Short text fragments from websites:
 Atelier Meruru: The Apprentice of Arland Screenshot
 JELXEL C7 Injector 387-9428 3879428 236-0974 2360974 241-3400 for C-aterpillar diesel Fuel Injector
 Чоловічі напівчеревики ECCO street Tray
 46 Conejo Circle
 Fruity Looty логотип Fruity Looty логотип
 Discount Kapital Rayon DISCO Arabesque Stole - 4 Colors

==

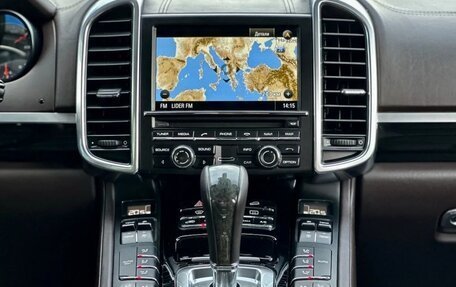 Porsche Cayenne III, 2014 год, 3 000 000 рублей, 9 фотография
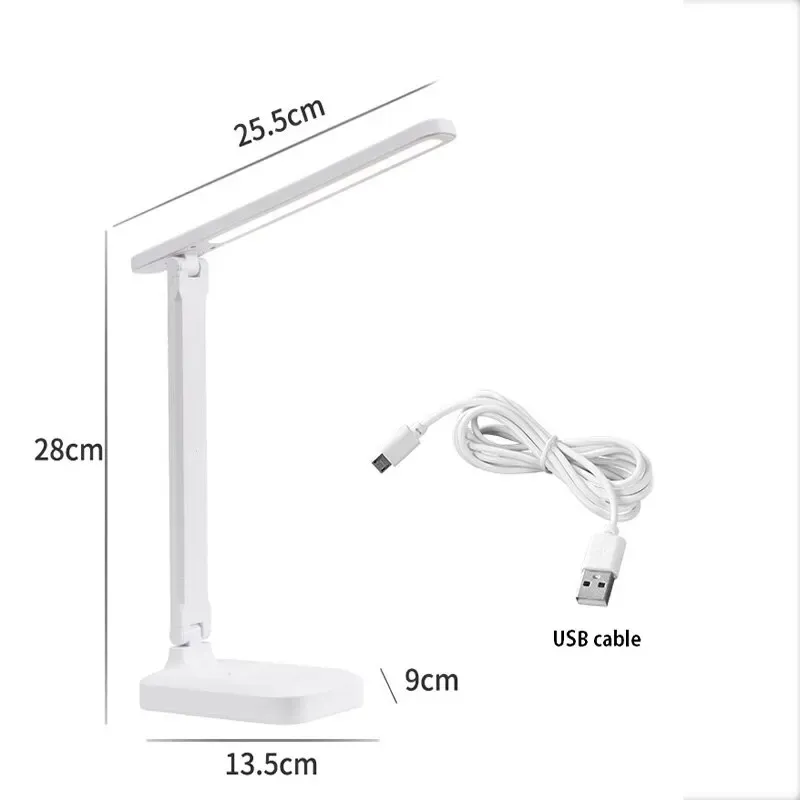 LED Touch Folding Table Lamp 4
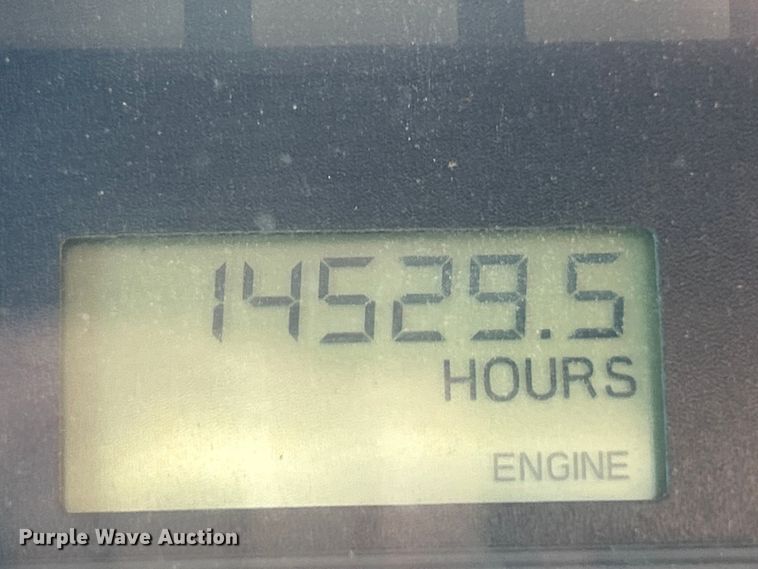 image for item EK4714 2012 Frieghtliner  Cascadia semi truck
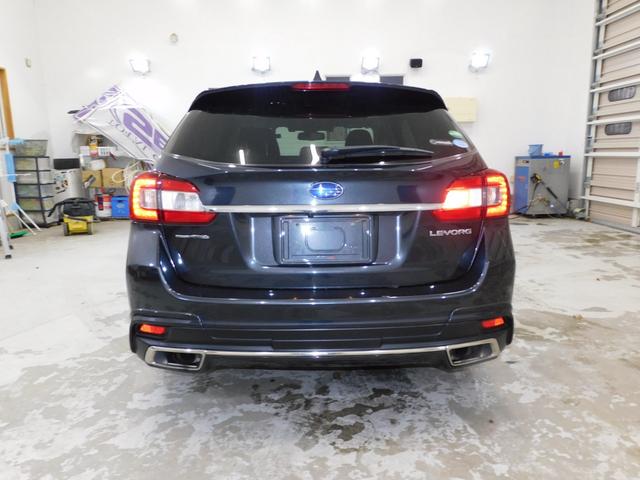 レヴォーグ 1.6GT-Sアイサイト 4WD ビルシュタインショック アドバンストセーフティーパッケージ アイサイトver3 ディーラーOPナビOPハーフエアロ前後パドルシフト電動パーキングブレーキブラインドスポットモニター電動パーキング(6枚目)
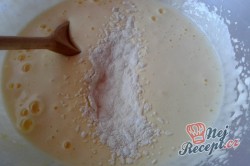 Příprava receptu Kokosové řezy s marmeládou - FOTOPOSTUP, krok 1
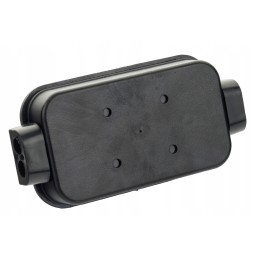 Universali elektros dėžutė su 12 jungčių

WHAT NEEDS TO BE DONE -> Which lines above run from the one containing "46 Conejo Circle" to the one containing "Discount Kapital Rayon"? Give them again exactly, both ends included.

YOUR RESPONSE ->
 46 Conejo Circle
 Fruity Looty логотип Fruity Looty логотип
 Discount Kapital Rayon DISCO Arabesque Stole - 4 Colors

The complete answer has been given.